Es falso que al ampliar el porte legal de armas aumenten los niveles de violencia en Colombia. Se argumenta que, en nuestro país, cierta tendencia impulsiva del ciudadano promedio llevaría a una guerra de todos contra todos. Esto es falso en dos sentidos. Primero, porque quienes mayor violencia ejercen en el país ya tienen en su poder el armamento que utilizan, y lo consiguieron pese a la restricción legal. Y es falso, en segundo lugar, porque el ser humano sólo reprime su pulsión de muerte, o bien por su propia conciencia moral, o bien por la coacción externa. Es decir: Cuando la moralidad no frena la acción, lo hace el temor a que el otro pueda recurrir también al uso de la fuerza. Lo que permite la violencia del delincuente o del desadaptado no es, pues, el porte de un arma, sino la conciencia de la indefensión y de la vulnerabilidad del otro.
Quienes más se rasgan las vestiduras en este país contra el porte de armas son los mismos que las usaron para llegar al poder. No es que les moleste propiamente el porte de armas, sino que estas no se encuentren bajo su monopolio exclusivo. Es necesario recordar que la vocación intrínseca del Estado es siempre expansionista y totalitaria, lo cual es tanto más peligroso por cuanto que hoy, quien rige los destinos del Estado, ha demostrado su clara intención de erigirse en Dictador. Siendo así, cabe preguntarnos acerca del peligro que representa la posesión privativa del uso de las armas por parte del actual Régimen Petrista, pues la claudicación del derecho a la legítima defensa es el camino directo para que el ser humano doblegue plenamente su libertad, y con ello su vida, su derecho y su propiedad.

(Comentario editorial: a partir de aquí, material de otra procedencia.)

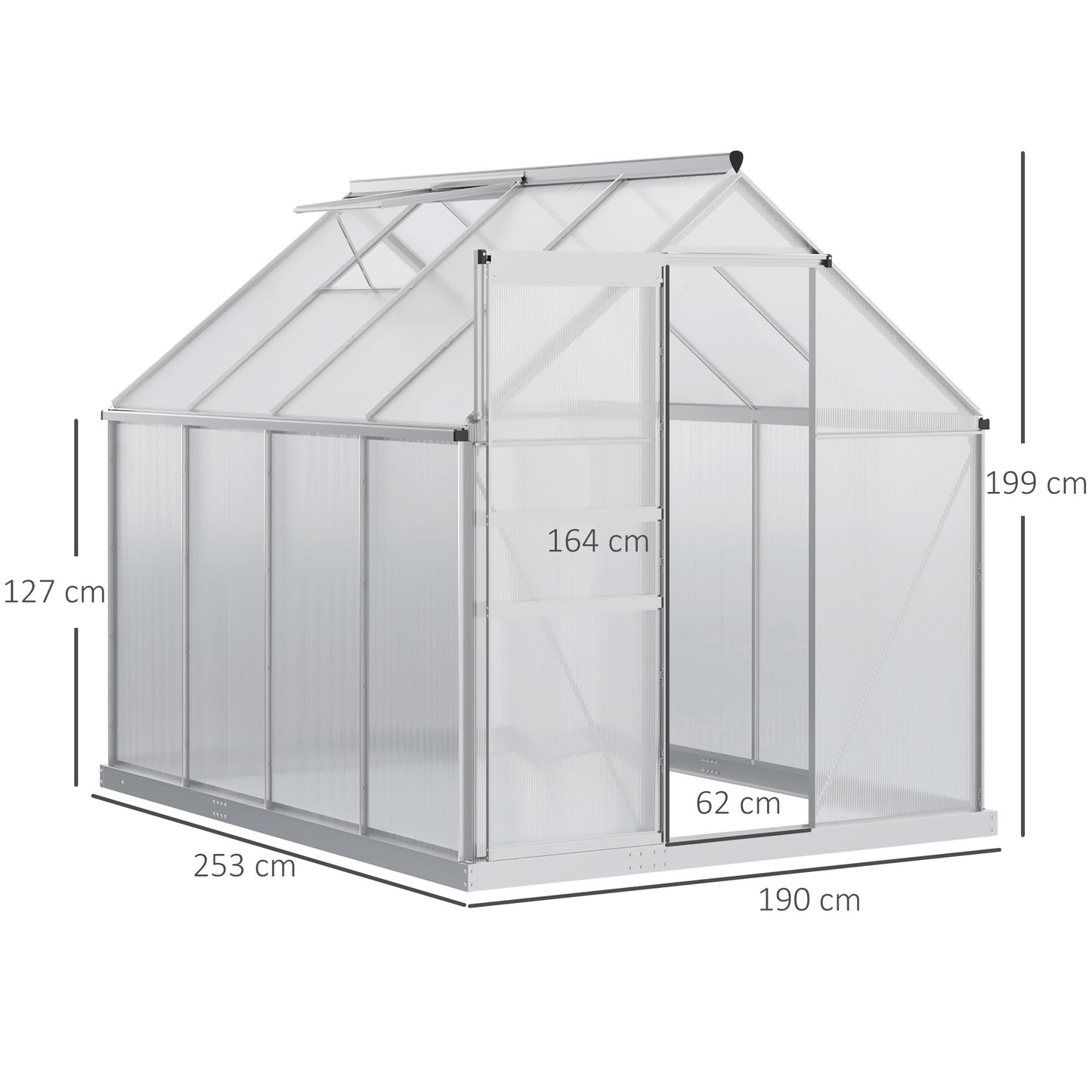 Polycarbonate Walk-in Garden Greenhouse w/ Sliding Door Silver Tone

Miremos por ejemplo el doloroso caso de intento de asesinato contra Miguel Uribe. El delincuente dispara con un arma de fuego conseguida en las economías subterráneas que genera la prohibición. No necesitó un permiso. Su caso no es la confirmación de la necesidad de la restricción, sino la muestra de su fracaso. Debemos por tanto plantear el debate de tal forma que vaya más allá del prejuicio o de la emocionalidad que nos suscita, por nuestra historia violenta, el temor a las armas, y situar la cuestión en un plano racional, donde se examinen las condiciones reales del país, el sometimiento de ciudadanos y poblaciones a la delincuencia armada, así como las consideraciones psicológicas, sociológicas y axiológicas respecto a la libertad de la tenencia y porte.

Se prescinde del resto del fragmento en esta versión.